1930 Goudey “Story of Chewing Gum” (uncataloged)
I bet kids obtained Rainbow cards from local stores or by mail-in request to its home station, WEEI. Every Goudey marketing effort from this era pushed hard against the perception that penny gum meant “low quality.”
In January 1933, a majority decision in R.F. Keppel Brothers vs. FTC overturned the ban that applied to bubblegum cards as marketing gimmicks and freed companies to sell them. Goudey was ready for that change of fortune and launched Indian Gum in February, followed by the debut of Big League Gum cards around Opening Day.
The first Big League Gum set sold so well during 1933 that Jason Schwartz argues Goudey may have squeezed a multi-year plan into one season. I think they also tried to use Ruth’s stardom as a solution to the “off-season problem” by adding him to the multi-subject Sport Kings Gum in December. Given its comparative scarcity today, even The Babe failed to keep kids buying baseball during wintertime.
1933 Goudey Sport Kings Gum #2, Babe Ruth
In the end, Goudey made six different Babe Ruth cards in 1933 alone! Four in Big League Gum, one in Sport Kings Gum, and another from this wrapper mail-in.
Goudey ex-treasurer, Harold DeLong, offered some candy store competition in 1933 with a set made by his eponymous gum company. Lou Gehrig stands out as its best player (full checklist and gallery).
The set’s back text shared playing tips by Austen Lake, a Boston sportswriter, who also wrote bios for National Chicle’s Diamond Stars Gum cards. SABR profiled DeLong and said more about Lake himself in 2019.
DeLong’s 1933 Play Ball Gum set, not to be confused with Gum, Inc.’s 1939-41 sets, stopped at one series of 24 players. We might attribute its modern scarcity to one of baseball’s first agents, Christy Walsh, and the need to pay his clients or face legal trouble. See SABR’s Death and Taxes and Baseball Card Litigation series for several tales of legal wrangling over player images. (Jimmie Foxx’s 1941 case happened to go up against Harold DeLong’s next company, who produced the Double Play set.)

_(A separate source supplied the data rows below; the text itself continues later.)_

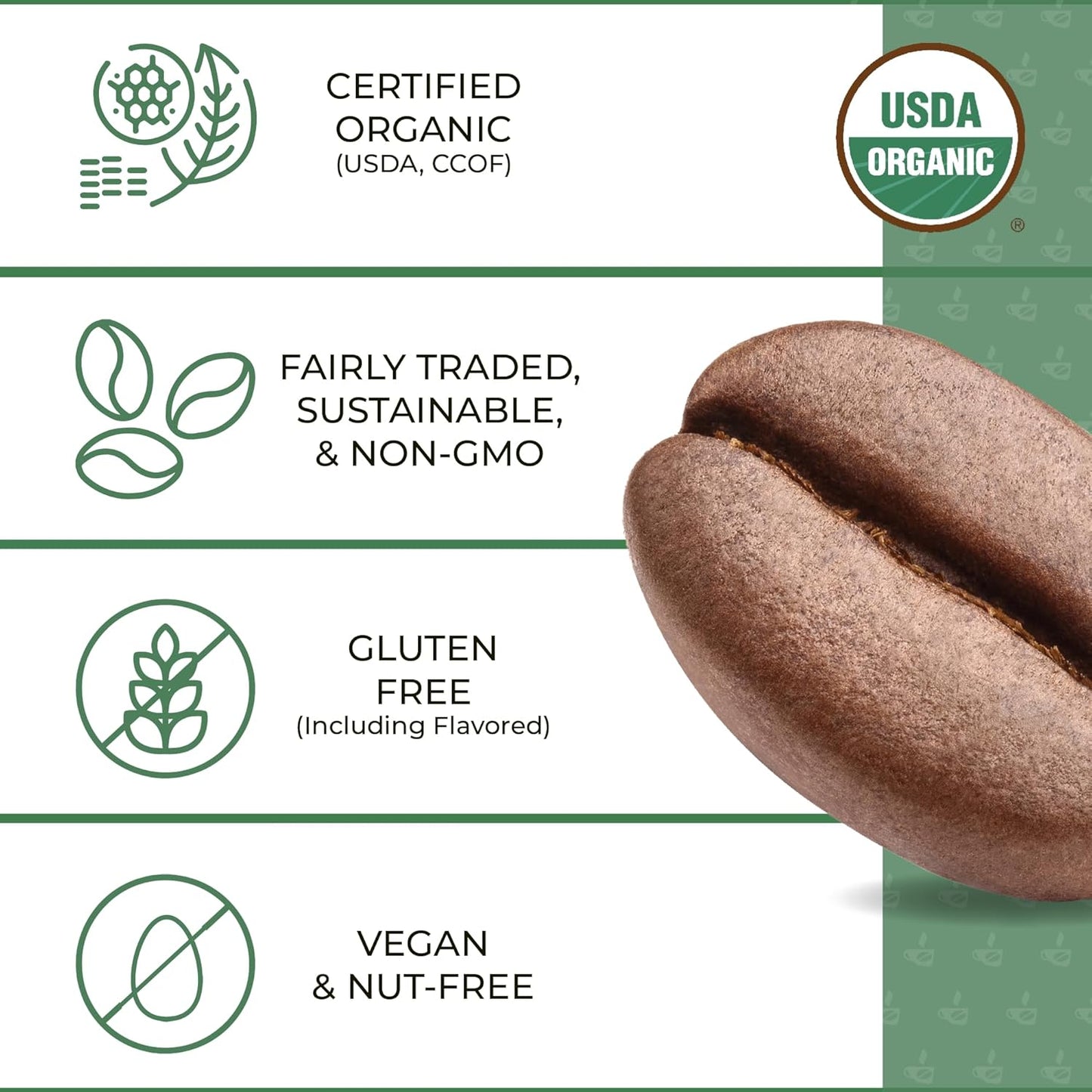 The Bean Organic Coffee Company Water Processed DECAF IL Chicco (Traditional Italian Roast), Dark Roast, Whole Bean Coffee, 5-Pound Bag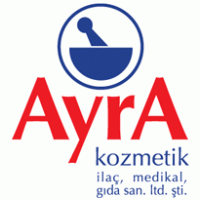 ayra kozmetik pronunciation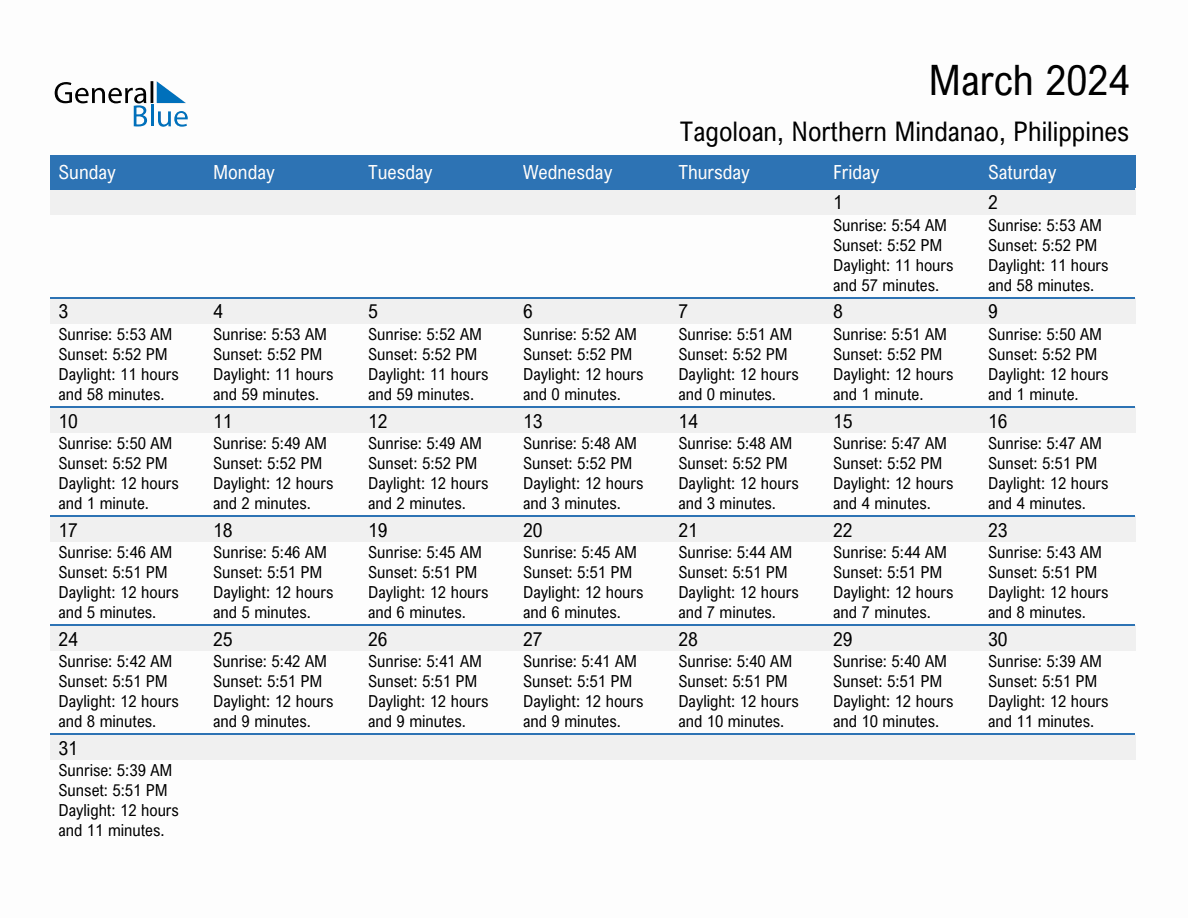March 2024 sunrise and sunset calendar for Tagoloan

Sports promoter Christy Walsh (center) negotiated endorsements for Gehrig (left), Ruth (right), and several other MLB stars around this time. I suspect he turned 1933’s card boom into higher endorsement fees for each player in 1934, forcing companies to choose who they could afford.
New Yorker writer Louis Menand cited Lou’s new wife Eleanor as working with Walsh to create a pitchman persona for her husband. Goudey bet on Lou alone for 1934, linking this Big League Gum card set and their Knot Hole League customer loyalty club to his smiling mug. Walsh, always the promoter, even worked his own name onto each card with a “by arrangement with Christy Walsh” byline.
Sometime in 1933, a group of Goudey executives led by Alvin Livingstone left the company to start crosstown rival National Chicle. I think much of its creative talent followed them, based on how good their Art Deco Diamond Stars Gum (left) and die-cut Batter-Up Gum (right) sets looked in 1934.
Whether you blame competition or changing consumer tastes, later court filings show Goudey’s baseball card business suffered after 1933, dropping by 50% in 1934 and another 50% the year after, even as gum itself continued to sell well.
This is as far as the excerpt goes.